Definition
A vector database is a storage system optimized for saving, indexing, and querying high-dimensional vectors (embeddings). The fundamental operation is similarity search: given a query vector, find the k most similar vectors in the database.
It’s the core infrastructure for RAG systems, semantic search, recommendations, and other AI applications requiring meaning-based retrieval instead of keyword matching.
How It Works
Indexing: vectors are organized in data structures enabling efficient search. Common algorithms: HNSW (Hierarchical Navigable Small World), IVF (Inverted File Index), PQ (Product Quantization).
Similarity search: given a query vector, the index identifies probable candidates and calculates actual distance. Common metrics: cosine similarity, euclidean distance, dot product.
Approximate Nearest Neighbor (ANN): to scale to millions/billions of vectors, precision is sacrificed for speed. The database returns “sufficiently close” results, not guaranteed nearest neighbors.
Main Solutions
Specialized databases: Pinecone, Weaviate, Qdrant, Milvus, Chroma. Optimized for vector workloads, managed or self-hosted.
Extensions of existing databases: pgvector (PostgreSQL), Atlas Vector Search (MongoDB), OpenSearch. Vector search without additional infrastructure.
In-memory: FAISS (Facebook), Annoy (Spotify). Libraries for vector search, not complete databases. Suitable for prototypes or datasets fitting in RAM.
Selection Criteria
Scale: how many vectors?

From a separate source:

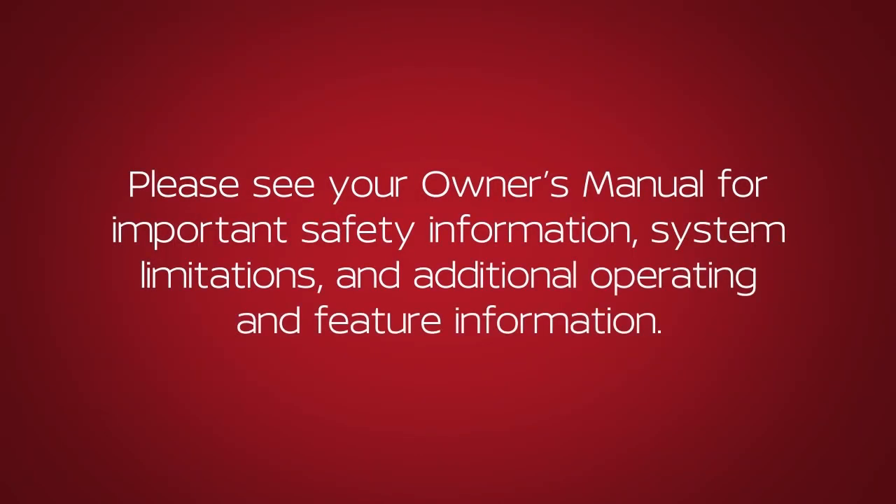Please see our Owner's Manual for important safety information, system limitations and additional operating and feature information.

Thousands (in-memory suffices), millions (specialized database), billions (enterprise solutions).
Latency requirements: acceptable p99 latency? HNSW offers low latency, IVF is more memory-efficient but slower.
Filtering: filter by metadata alongside similarity? Not all solutions handle hybrid search (vector + filter) well.
Managed vs self-hosted: Pinecone is fully managed, Qdrant/Milvus require operations. Trade-off cost vs control.
Costs: pricing models vary. Per-query, per-vector-stored, per-compute. At scale, differences are significant.
Practical Considerations
Dimensionality: vectors at 1536 dimensions (OpenAI) occupy ~6KB each. 10 million vectors = ~60GB just for vectors, plus indexes and metadata.
Index build time: building HNSW index on millions of vectors takes hours. Plan for incremental updates or periodic re-indexing.
Recall vs latency tradeoff: index parameters (ef_construction, M for HNSW) balance accuracy and speed. Tuning specific to use case.
Common Misconceptions
”I need a vector database for every RAG project”
For prototypes or small corpora, FAISS in-memory or pgvector on existing PostgreSQL may suffice. Dedicated database justified by scale or latency requirements.
”All vector databases are equivalent”
Differences in performance, features (hybrid search, multi-tenancy, filtering), operational complexity, and costs are significant. Benchmark on your use case.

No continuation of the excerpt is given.